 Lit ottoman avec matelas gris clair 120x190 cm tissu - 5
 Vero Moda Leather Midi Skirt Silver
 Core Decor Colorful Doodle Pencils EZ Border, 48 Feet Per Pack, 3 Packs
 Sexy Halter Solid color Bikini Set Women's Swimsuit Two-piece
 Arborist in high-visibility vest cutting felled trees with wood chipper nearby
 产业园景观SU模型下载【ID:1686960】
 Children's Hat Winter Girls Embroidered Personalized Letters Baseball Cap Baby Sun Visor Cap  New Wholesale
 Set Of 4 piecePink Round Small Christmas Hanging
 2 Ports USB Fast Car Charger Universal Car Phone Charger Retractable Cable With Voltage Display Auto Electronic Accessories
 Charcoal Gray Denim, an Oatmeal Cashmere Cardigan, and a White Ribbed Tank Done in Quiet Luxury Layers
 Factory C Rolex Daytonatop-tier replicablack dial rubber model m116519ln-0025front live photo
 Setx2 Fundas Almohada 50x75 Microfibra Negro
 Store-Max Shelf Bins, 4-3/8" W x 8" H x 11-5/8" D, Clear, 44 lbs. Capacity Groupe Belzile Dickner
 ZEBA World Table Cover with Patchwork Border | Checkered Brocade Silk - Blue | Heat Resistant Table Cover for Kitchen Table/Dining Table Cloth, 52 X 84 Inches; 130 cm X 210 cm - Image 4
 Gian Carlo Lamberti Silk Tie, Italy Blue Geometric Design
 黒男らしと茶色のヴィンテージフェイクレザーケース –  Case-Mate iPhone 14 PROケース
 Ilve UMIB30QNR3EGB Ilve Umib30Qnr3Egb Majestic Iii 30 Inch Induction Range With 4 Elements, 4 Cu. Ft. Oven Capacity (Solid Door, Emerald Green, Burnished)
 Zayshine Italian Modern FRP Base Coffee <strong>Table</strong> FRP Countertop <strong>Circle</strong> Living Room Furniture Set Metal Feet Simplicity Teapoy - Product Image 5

:::::

◆ **Task instructions**: Of all the entries above, repeat only the lines from the line that has "Vero Moda Leather Midi Skirt Silver" to the line that has "Arborist in high-visibility", both lines included, exactly.

◆ **Written solution**:
 Vero Moda Leather Midi Skirt Silver
 Core Decor Colorful Doodle Pencils EZ Border, 48 Feet Per Pack, 3 Packs
 Sexy Halter Solid color Bikini Set Women's Swimsuit Two-piece
 Arborist in high-visibility vest cutting felled trees with wood chipper nearby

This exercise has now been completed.